Supplied material
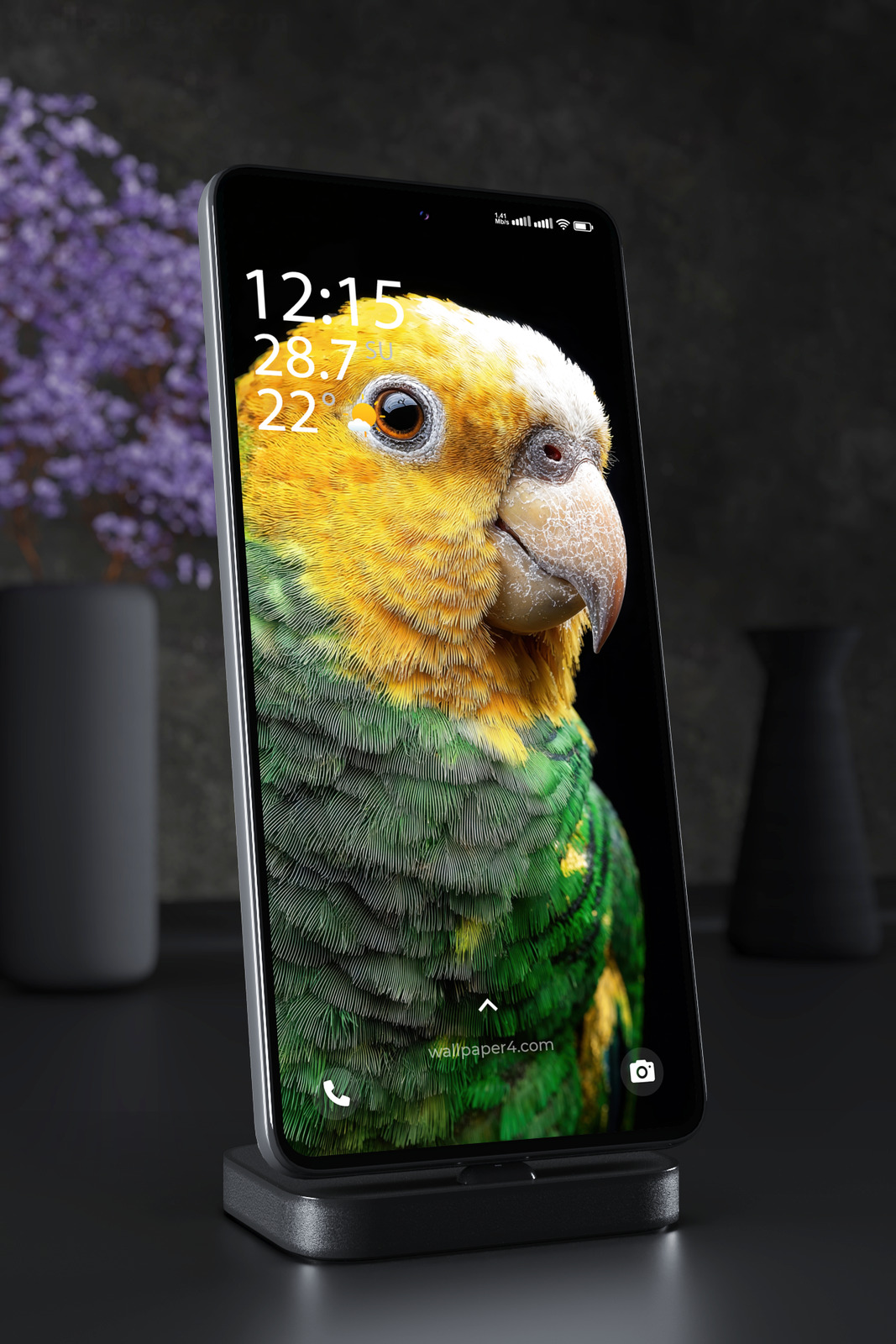 Phone Wallpaper 7576 - Vibrant Yellow and Green Parrot Portrait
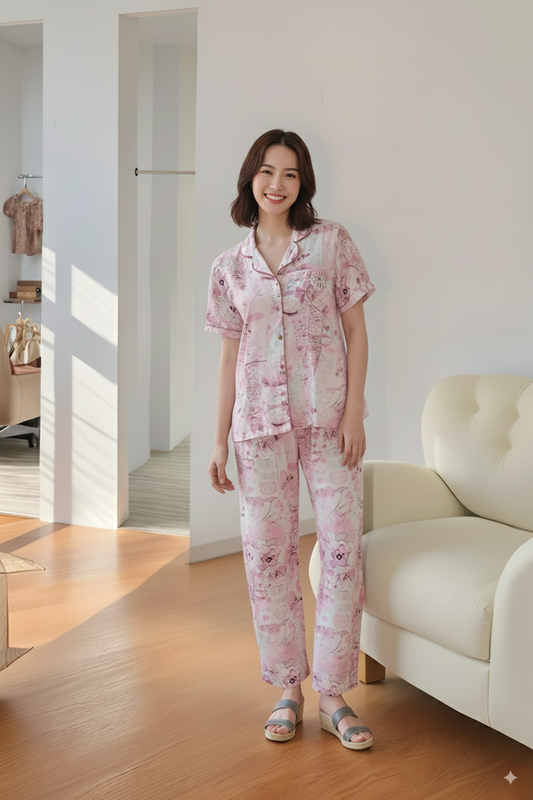 Fablush Women's Front Open Nightsuit | 100% Rayon | FB17018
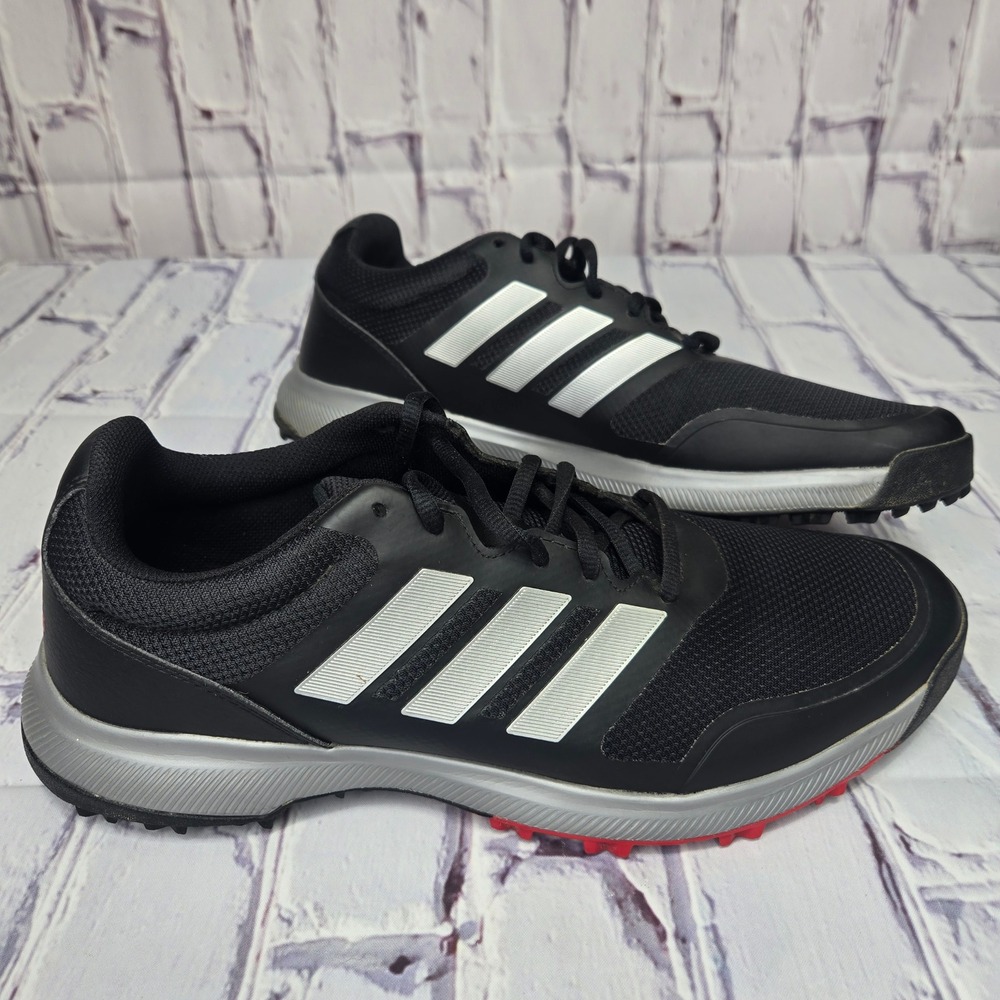 Adidas Tech Response 2.0 Golf Shoes Mens 11 Black Silver Spikeless EG5313‎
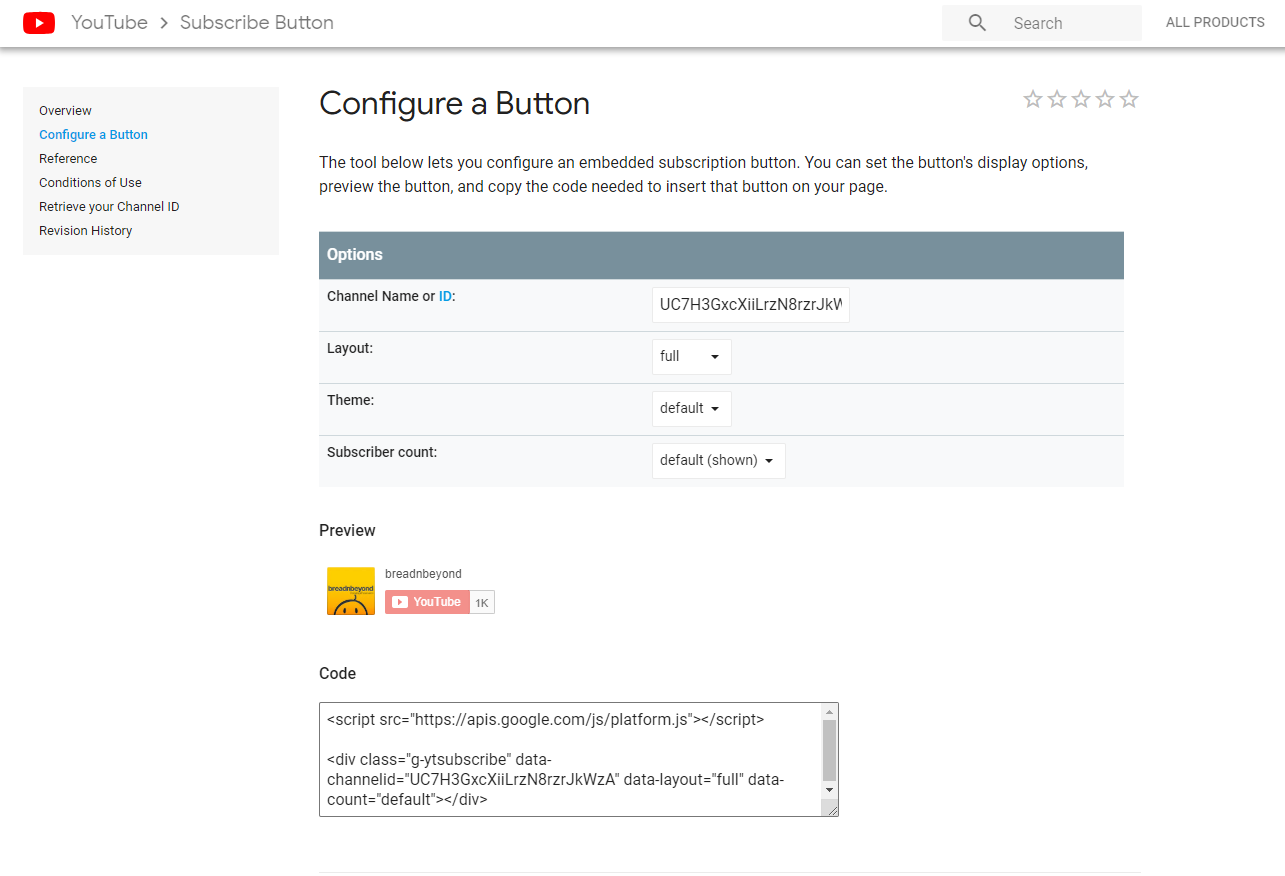 youtube subscribe button configuration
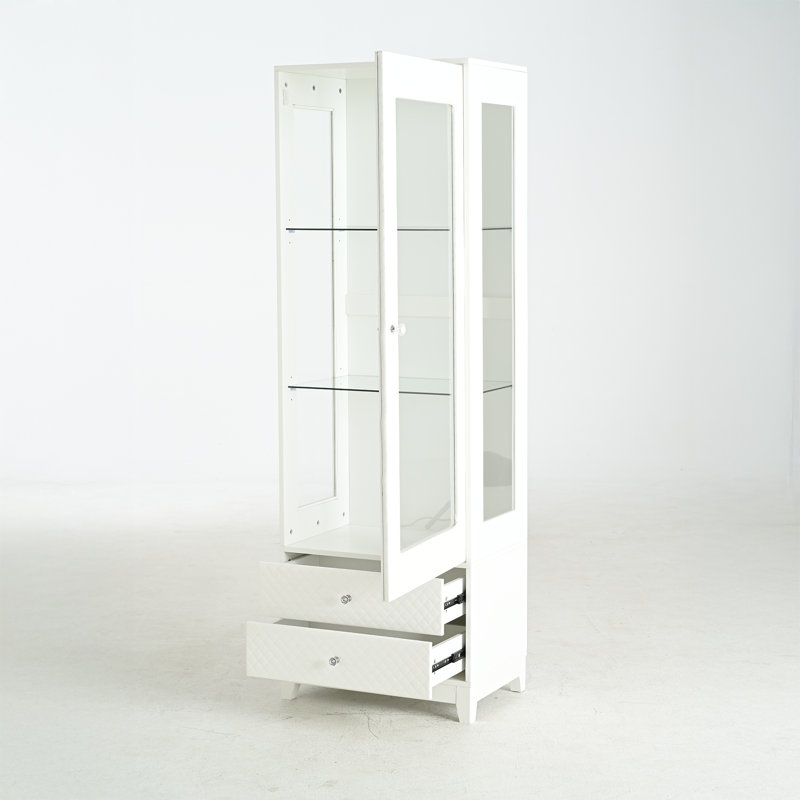 Vitrine 71 po autoportante avec 2 tiroirs de rangement, garde-manger rembourré avec plafonnier, armoire à vin avec porte vitrée et tablettes réglables - blanc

What the task asks
All records above are to be repeated exactly, with the images left out.

Response to the exercise
 Phone Wallpaper 7576 - Vibrant Yellow and Green Parrot Portrait
 Fablush Women's Front Open Nightsuit | 100% Rayon | FB17018
 Adidas Tech Response 2.0 Golf Shoes Mens 11 Black Silver Spikeless EG5313‎
 youtube subscribe button configuration
 Vitrine 71 po autoportante avec 2 tiroirs de rangement, garde-manger rembourré avec plafonnier, armoire à vin avec porte vitrée et tablettes réglables - blanc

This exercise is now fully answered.